There is no reason for llc
crash with HWASAN, if this is the case.
I believe I fixed this leak recently.
Can you create a PR and assign to me? I will check again.
==llc==3790505==ERROR: LeakSanitizer: detected memory leaks
Direct leak of 10 byte(s) in 1 object(s) allocated from:
#0 0xae9fa5562824 in malloc /home/b/sanitizer-aarch64-linux-bootstrap-hwasan/build/llvm-project/compiler-rt/lib/hwasan/hwasan_allocation_functions.cpp:147:3
#1 0xe18449add62c in strdup (/lib/aarch64-linux-gnu/libc.so.6+0x9d62c) (BuildId: 32fa4d6f3a8d5f430bdb7af2eb779470cd5ec7c2)

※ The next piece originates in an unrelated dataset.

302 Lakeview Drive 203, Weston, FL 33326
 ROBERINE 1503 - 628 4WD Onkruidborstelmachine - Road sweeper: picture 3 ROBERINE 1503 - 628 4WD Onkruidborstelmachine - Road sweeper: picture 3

#2 0xae9facb2ebfc in FileToRemoveList /home/b/sanitizer-aarch64-linux-bootstrap-hwasan/build/llvm-project/llvm/lib/Support/Unix/Signals.inc:105:55
#3 0xae9facb2ebfc in insert /home/b/sanitizer-aarch64-linux-bootstrap-hwasan/build/llvm-project/llvm/lib/Support/Unix/Signals.inc:120:37
#4 0xae9facb2ebfc in llvm::sys::RemoveFileOnSignal(llvm::StringRef, std::__1::basic_string<char, std::__1::char_traits<char>, std::__1::allocator<char>>*) /home/b/sanitizer-aarch64-linux-bootstrap-hwasan/build/llvm-project/llvm/lib/Support/Unix/Signals.inc:446:3
#5 0xae9faca5a9d0 in llvm::ToolOutputFile::ToolOutputFile(llvm::StringRef, std::__1::error_code&, llvm::sys::fs::OpenFlags) /home/b/sanitizer-aarch64-linux-bootstrap-hwasan/build/llvm-project/llvm/lib/Support/ToolOutputFile.cpp:42:7
#6 0xae9fa55b3ccc in make_unique<llvm::ToolOutputFile, llvm::cl::opt<std::__1::basic_string<char, std::__1::char_traits<char>, std::__1::allocator<char> >, false, llvm::cl::parser<std::__1::basic_string<char, std::__1::char_traits<char>, std::__1::allocator<char> > > > &, std::__1::error_code &, llvm::sys::fs::OpenFlags &, 0> /home/b/sanitizer-aarch64-linux-bootstrap-hwasan/build/libcxx_install_hwasan/include/c++/v1/__memory/unique_ptr.h:767:30
#7 0xae9fa55b3ccc in GetOutputStream /home/b/sanitizer-aarch64-linux-bootstrap-hwasan/build/llvm-project/llvm/tools/llc/llc.cpp:312:16
#8 0xae9fa55b3ccc in compileModule(char**, llvm::LLVMContext&) /home/b/sanitizer-aarch64-linux-bootstrap-hwasan/build/llvm-project/llvm/tools/llc/llc.cpp:616:7
#9 0xae9fa55b0070 in main /home/b/sanitizer-aarch64-linux-bootstrap-hwasan/build/llvm-project/llvm/tools/llc/llc.cpp:411:22
#10 0xe18449a684c0 (/lib/aarch64-linux-gnu/libc.so.6+0x284c0) (BuildId: 32fa4d6f3a8d5f430bdb7af2eb779470cd5ec7c2)
#11 0xe18449a68594 in __libc_start_main (/lib/aarch64-linux-gnu/libc.so.6+0x28594) (BuildId: 32fa4d6f3a8d5f430bdb7af2eb779470cd5ec7c2)
#12 0xae9fa555a4ac in _start (/home/b/sanitizer-aarch64-linux-bootstrap-hwasan/build/llvm_build_hwasan/bin/llc+0x567a4ac)
Yea, that PR has more recent discussion. Particularly I found that the problem is related to using -o /dev/null
with llc when it encounters a report_fatal_error(..., false)
that results in an exit(1)
. Changing -o /dev/null
to -o -
makes hwasan no longer fail when running the test.